EXERCISE
Go to the line holding "СВИТЕР MANGO, коричневый" in the data below. Return it and each line after it through the last, exactly, and skip the pictures.

START GIVEN ENTRIES

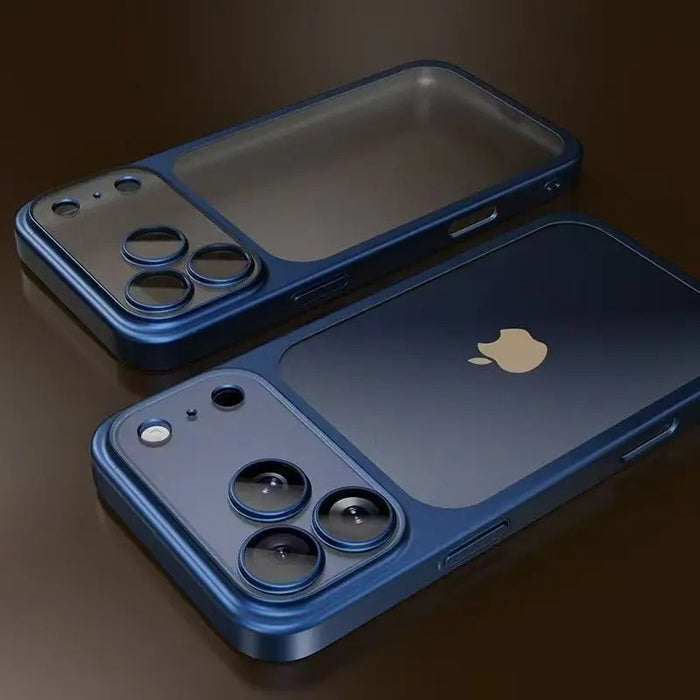 Plating Matte Hard Case With Camera Lens Protector for iPhone 17 16 15 14 13 Pro Max Air by Merch Section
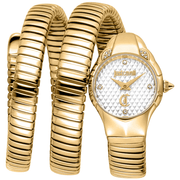 Just Cavalli Dame Ur Rustfrit Stål Gul Guld Sølv JC1L393M0025 - Urma.dk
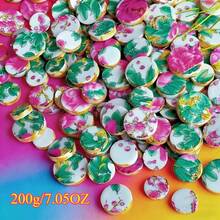 100g/200g Floral Pattern Ceramic Mosaic Tiles, Underglaze Multicolor Mixed Size Mosaic Circles, Suitable For Arts & Crafts, DIY Projects, Living Room, Kitchen, Bathroom, Home Decor, Creative Wall And Floor Decoration, DIY Craft Material - CSDXY - View 9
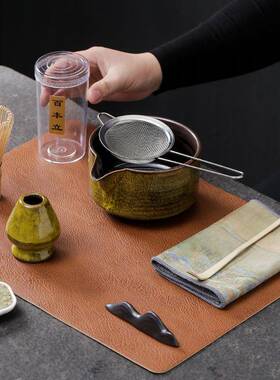 日式抹茶茶具窑套装变抹茶碗带宋嘴筅百本立58456整套代点茶茶器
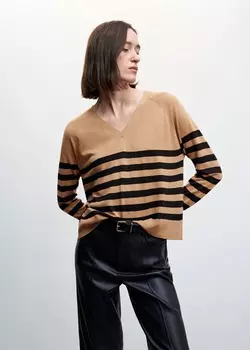 СВИТЕР MANGO, коричневый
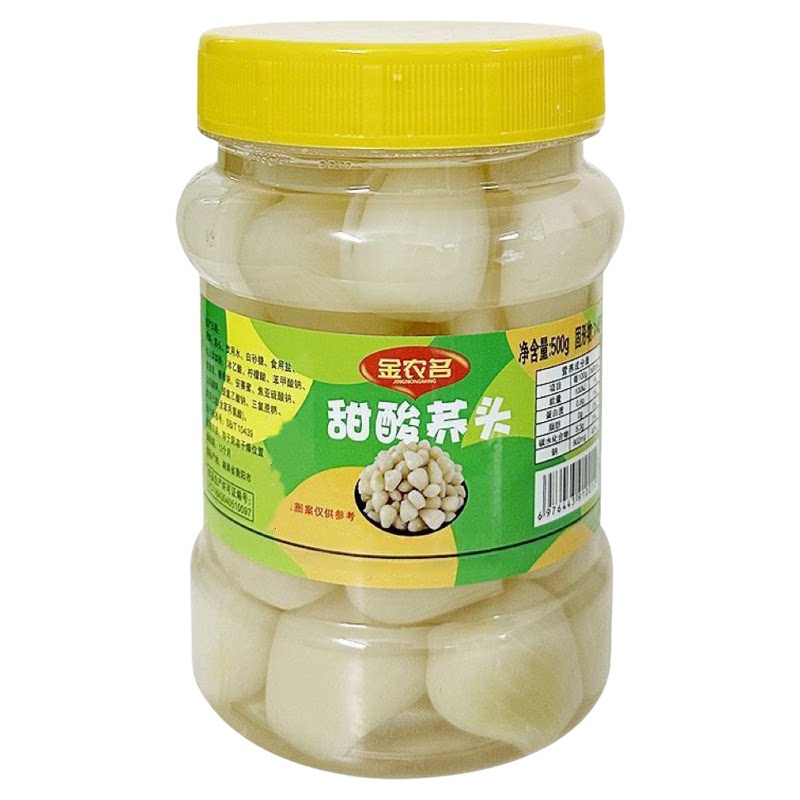 金农名甜酸荞头拌饭酱开瓶即食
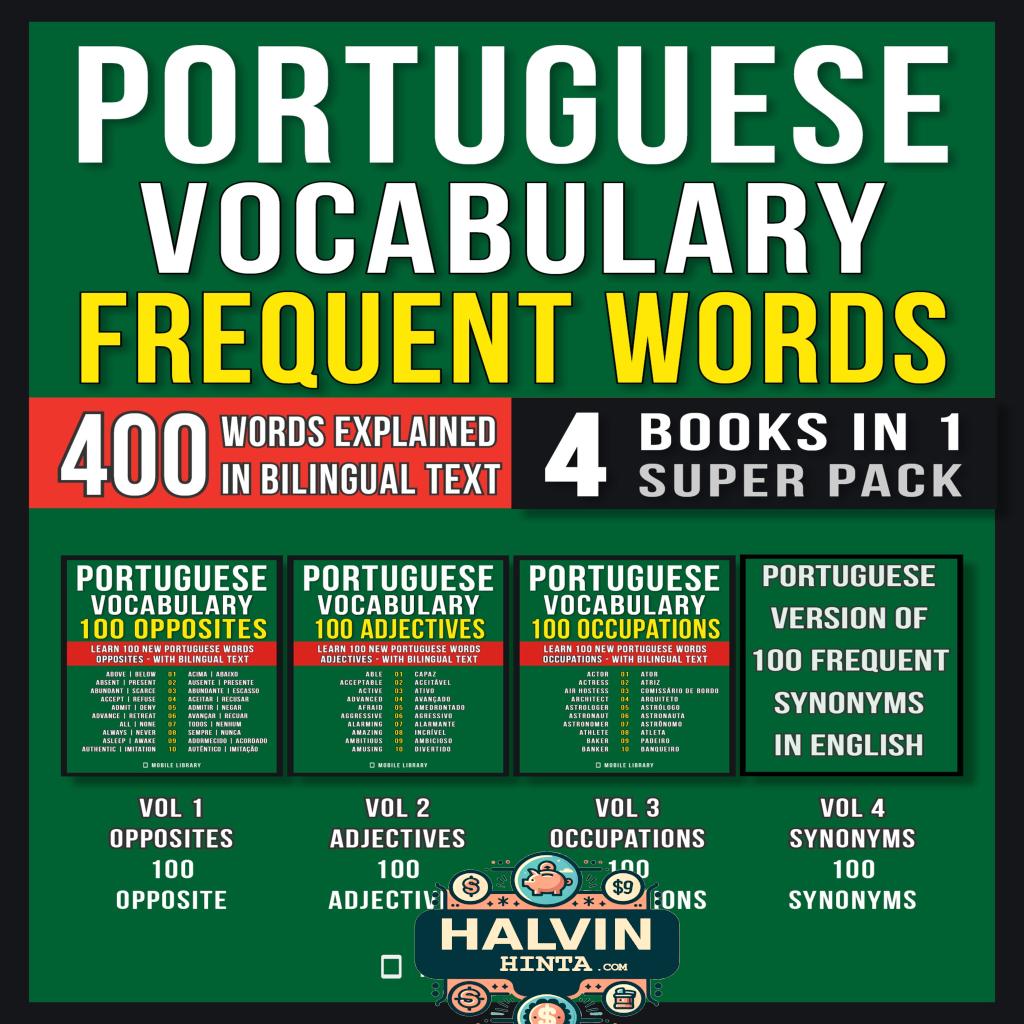 Portuguese Vocabulary - Frequent Words (4 Books in 1 Super Pack)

END GIVEN ENTRIES

TASK OUTPUT
 СВИТЕР MANGO, коричневый
 金农名甜酸荞头拌饭酱开瓶即食
 Portuguese Vocabulary - Frequent Words (4 Books in 1 Super Pack)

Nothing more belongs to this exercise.